:: Data shown ::
- - - - -

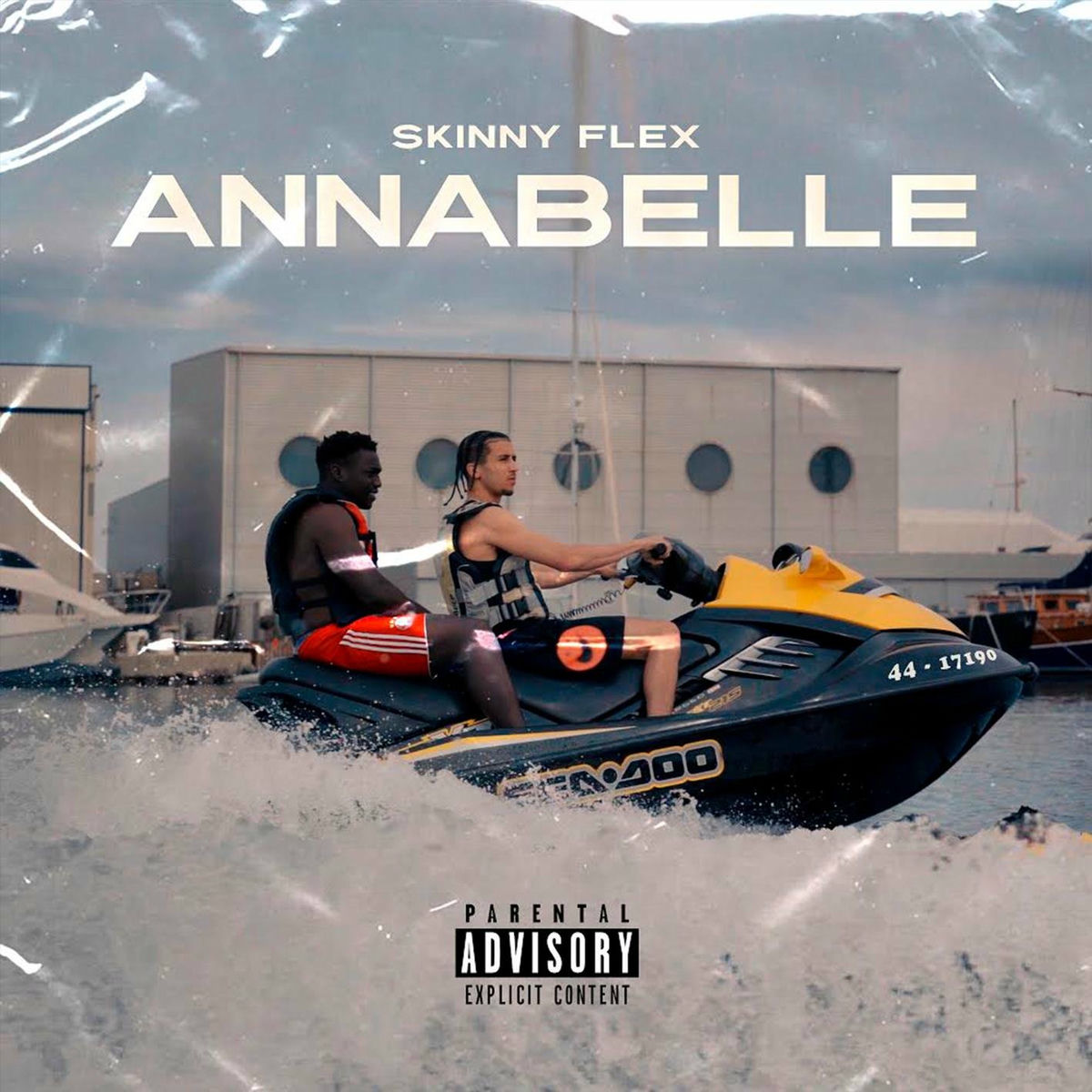 Album cover of Annabelle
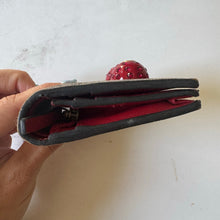 Load image into Gallery viewer, Gucci Sylvie Continental Wallet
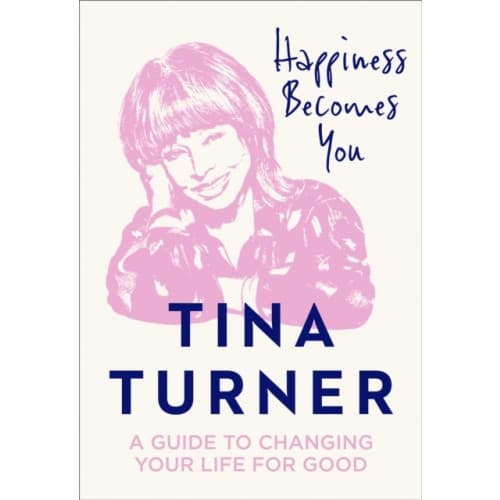 Happiness Becomes You (inbunden, eng)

- - - - -

:: Activity ::
Output nothing but an exact retyping of the material, pictures excluded.

:: Written solution ::
 Album cover of Annabelle
 Load image into Gallery viewer, Gucci Sylvie Continental Wallet
 Happiness Becomes You (inbunden, eng)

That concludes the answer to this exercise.